That’s what the folks at HuggingFace have been concluding in their latest paper “Fully Autonomous AI Agents Should Not be Developed”
Two elements are surprising in the paper:
The first surprising information, is obviously the claim that you shouldn’t build a fully autonomous agent. These are systems that can create and subsequently use their own code in order to achieve their own task.
Here we aren’t talking about coding agents, these are still fine. A fully autonomous agent isn’t bounded by a set of tools and can use coding agents in order to build more tools to use.
Huggingface researchers even did a full grid analysis on multiple dimensions. No matter which dimension you want to remove, the risk-reward ratio for a fully autonomous agent isn’t looking too good.
Like all things engineering, the sweet spot seems to always start with the simplest possible solution and move up the complexity later if needs be.
This sentiment from HuggingFace is surprisingly also echoed in an interview from Anthropic:
I don’t know if these two engineers have been briefed before the interview, but their candidness about the fact that agent are not really working in production is hilarious. Peak AI comedy, highly recommend watching the full thing.
The second surprising thing is more semantic, there is no clear definition of what an agent is.
You might be saying “Yes, it’s because of these pesky AI companies hyping up the AI field with non-sense” and you would be partially right.
The issue runs much deeper than that, with this quote being the eye opener:
The question what is an agent? is embarrassing for the agent- based computing community in just the same way that the question what is intelligence? is embarrassing for the mainstream AI community.
The problem is that although the term is widely used, by many people working in closely related areas, it defies attempts to produce a single universally accepted definition
This quote is from Wooldridge & Jennings in their book from 1995.
1995, folks.
This term is at the same level of murkiness as AGI, intelligence or consciousness at this point.

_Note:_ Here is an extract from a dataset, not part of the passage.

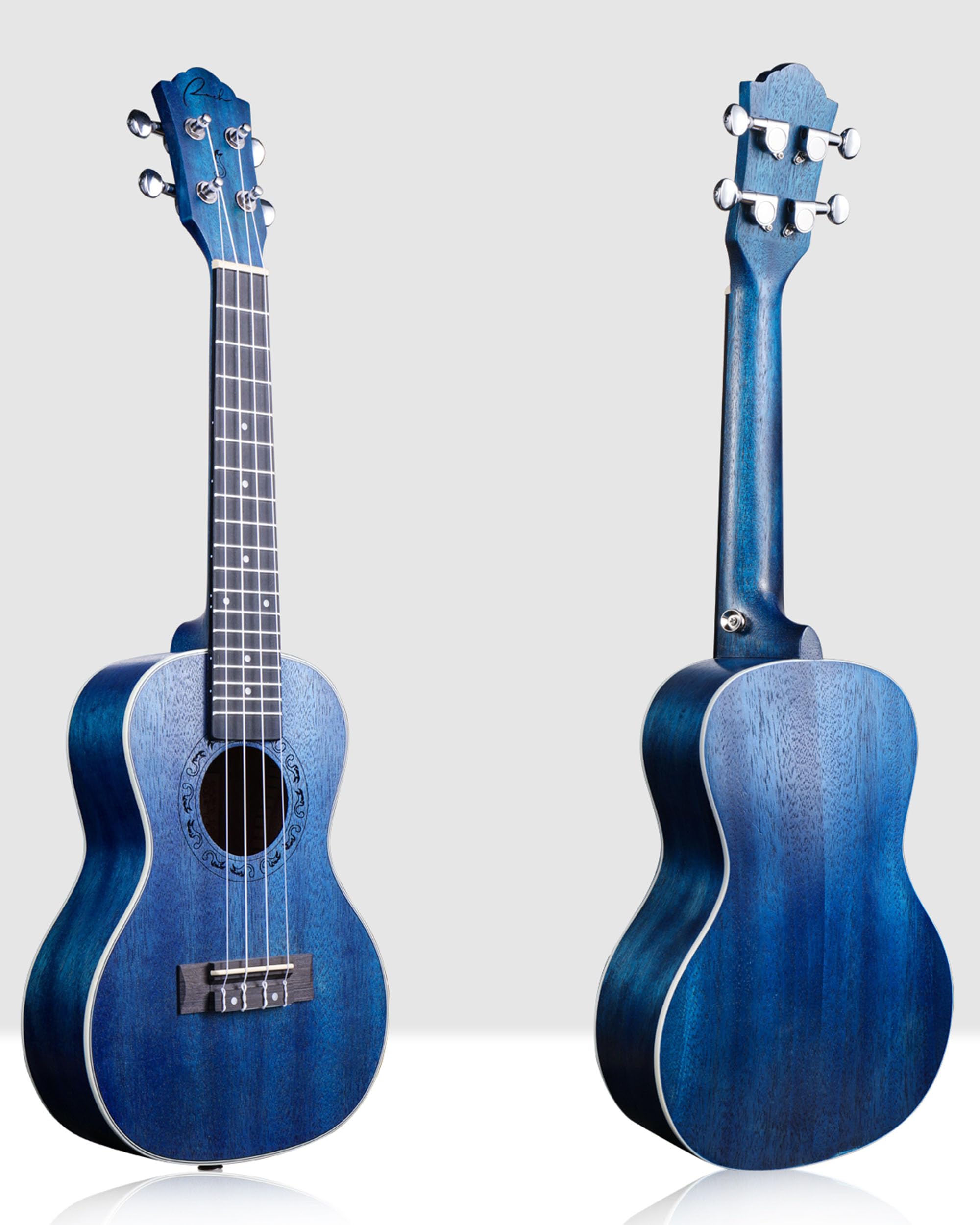 Tenor Ukulele Ranch 66 cm profesjonalny drewniany instrument ukelele z darmowymi lekcjami online i torbą koncertową, mała gitara hawajska, gwiaździsty niebieski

Which I believe requires engineers working in that field to use much more precise words about what they are building (workflows, prompt-chaining, orchestrator-evaluators, etc.).

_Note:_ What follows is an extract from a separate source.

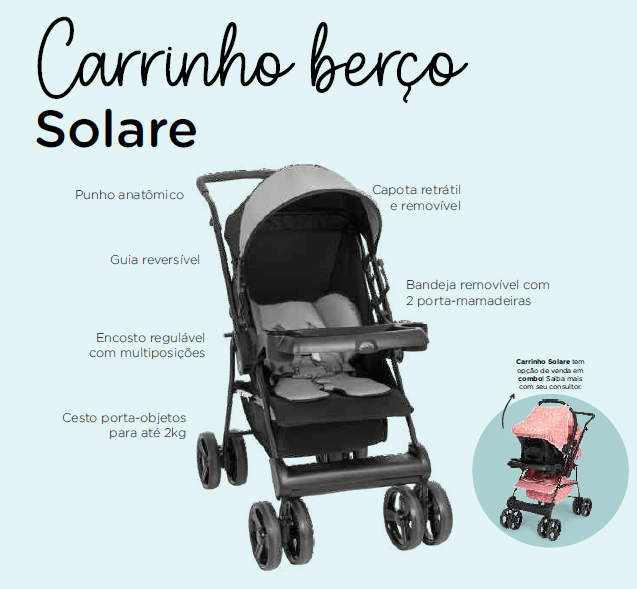 Carrinho Berço Solare | 0 a 15kg | Tutty Baby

A good place to start learning this semantic is this blog post by Anthropic, which is very clear and devoid of hype (it’s related to the interview mentioned earlier):
The team has been gracious enough to provide a lot example (text and coding) of what each of the patterns looks like in what they call workflows.

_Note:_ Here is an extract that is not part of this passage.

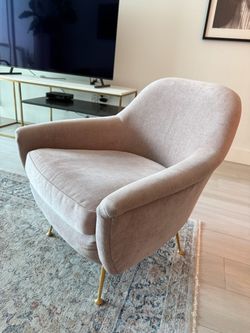 West Elm Phoebe Modern Lounge Chair with Brass Legs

btw if you are new to agent, workflow, or agentic systems, I’ve made a tutorial on it last week with the resources above:
ps: if you know a thumbnail guy, send me a DM mines suck.
All in all, there isn’t anything too new here on the software engineering side with the statement from Hugginface.
The old adage still holds in the stochastic realm of AI engineering:
Build the least complex solution as possible that meets the requirements.
If you want to test new tech, like a swarm of AI agents, do it in a hobby project, not in production.